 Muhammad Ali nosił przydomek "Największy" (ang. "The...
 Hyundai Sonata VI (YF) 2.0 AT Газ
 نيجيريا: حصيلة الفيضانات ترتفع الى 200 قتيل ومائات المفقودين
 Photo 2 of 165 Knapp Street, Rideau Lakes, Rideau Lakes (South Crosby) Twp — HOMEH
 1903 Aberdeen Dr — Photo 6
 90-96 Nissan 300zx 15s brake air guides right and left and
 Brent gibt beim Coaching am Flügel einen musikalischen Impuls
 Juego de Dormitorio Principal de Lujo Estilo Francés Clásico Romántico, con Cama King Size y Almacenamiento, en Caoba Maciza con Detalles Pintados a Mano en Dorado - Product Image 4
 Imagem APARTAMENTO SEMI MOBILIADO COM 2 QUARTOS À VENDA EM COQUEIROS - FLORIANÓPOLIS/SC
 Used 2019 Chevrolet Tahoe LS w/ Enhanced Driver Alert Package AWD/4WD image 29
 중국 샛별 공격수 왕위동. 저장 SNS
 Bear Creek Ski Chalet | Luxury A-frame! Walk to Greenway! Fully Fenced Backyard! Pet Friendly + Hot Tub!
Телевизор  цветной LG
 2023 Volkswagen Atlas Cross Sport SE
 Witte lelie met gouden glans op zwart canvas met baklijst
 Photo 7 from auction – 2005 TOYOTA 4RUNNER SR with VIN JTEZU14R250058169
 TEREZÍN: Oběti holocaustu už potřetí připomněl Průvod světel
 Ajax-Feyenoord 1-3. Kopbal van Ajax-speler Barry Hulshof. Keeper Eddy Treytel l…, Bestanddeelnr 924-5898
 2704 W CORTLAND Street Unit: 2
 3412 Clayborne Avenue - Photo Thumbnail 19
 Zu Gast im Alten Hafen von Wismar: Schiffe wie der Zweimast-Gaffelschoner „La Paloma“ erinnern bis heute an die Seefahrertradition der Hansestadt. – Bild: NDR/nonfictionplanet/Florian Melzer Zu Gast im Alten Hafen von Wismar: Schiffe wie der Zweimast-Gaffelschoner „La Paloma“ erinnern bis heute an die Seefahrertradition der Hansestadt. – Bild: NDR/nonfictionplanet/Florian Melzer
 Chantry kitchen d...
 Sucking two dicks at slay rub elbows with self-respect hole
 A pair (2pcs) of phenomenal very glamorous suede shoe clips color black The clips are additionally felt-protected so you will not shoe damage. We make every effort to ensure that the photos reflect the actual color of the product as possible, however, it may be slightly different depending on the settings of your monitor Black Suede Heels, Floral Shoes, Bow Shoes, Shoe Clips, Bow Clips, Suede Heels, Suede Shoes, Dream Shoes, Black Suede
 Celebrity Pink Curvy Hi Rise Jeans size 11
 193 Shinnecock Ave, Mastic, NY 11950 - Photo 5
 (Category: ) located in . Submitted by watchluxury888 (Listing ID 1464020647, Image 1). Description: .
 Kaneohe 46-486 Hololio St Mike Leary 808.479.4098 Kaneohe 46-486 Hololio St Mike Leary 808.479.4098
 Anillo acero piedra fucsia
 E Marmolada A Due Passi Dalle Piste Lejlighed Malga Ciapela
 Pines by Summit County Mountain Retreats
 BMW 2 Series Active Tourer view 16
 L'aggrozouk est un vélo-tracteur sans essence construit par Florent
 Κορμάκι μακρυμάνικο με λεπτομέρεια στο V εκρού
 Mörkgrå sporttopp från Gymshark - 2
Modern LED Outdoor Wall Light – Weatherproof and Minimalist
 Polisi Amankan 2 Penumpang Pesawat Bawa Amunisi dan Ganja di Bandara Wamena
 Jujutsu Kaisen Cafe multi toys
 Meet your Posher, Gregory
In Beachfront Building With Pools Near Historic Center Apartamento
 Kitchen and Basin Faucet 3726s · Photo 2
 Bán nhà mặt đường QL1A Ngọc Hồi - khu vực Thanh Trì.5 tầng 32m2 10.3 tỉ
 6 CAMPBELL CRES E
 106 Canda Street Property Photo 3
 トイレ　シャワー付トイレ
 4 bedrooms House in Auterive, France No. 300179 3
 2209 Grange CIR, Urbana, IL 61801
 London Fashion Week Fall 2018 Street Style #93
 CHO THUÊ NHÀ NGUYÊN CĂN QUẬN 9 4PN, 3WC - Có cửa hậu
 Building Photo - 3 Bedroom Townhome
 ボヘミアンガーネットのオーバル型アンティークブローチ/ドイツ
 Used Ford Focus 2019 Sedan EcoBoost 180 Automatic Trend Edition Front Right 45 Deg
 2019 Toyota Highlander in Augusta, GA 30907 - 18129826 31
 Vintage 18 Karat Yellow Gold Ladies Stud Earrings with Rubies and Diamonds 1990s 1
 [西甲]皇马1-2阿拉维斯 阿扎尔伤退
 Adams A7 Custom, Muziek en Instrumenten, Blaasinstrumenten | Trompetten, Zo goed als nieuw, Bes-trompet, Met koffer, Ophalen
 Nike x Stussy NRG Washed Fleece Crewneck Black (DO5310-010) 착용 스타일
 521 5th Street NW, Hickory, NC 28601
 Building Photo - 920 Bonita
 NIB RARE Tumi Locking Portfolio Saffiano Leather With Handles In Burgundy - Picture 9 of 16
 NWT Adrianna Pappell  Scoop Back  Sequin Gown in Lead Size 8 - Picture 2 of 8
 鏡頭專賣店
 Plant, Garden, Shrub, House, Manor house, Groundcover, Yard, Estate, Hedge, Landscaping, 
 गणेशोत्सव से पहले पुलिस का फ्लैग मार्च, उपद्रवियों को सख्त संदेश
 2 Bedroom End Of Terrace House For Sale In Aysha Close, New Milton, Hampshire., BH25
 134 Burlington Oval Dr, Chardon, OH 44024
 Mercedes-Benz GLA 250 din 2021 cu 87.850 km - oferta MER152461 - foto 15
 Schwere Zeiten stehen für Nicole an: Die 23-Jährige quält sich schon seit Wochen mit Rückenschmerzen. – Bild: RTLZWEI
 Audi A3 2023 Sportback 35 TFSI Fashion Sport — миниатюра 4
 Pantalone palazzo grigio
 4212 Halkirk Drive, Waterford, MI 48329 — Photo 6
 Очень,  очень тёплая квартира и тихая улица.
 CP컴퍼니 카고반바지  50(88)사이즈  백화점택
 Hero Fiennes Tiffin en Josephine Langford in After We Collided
::::
Copy out each line of the listing that holds the word "Picture".

 NIB RARE Tumi Locking Portfolio Saffiano Leather With Handles In Burgundy - Picture 9 of 16
 NWT Adrianna Pappell  Scoop Back  Sequin Gown in Lead Size 8 - Picture 2 of 8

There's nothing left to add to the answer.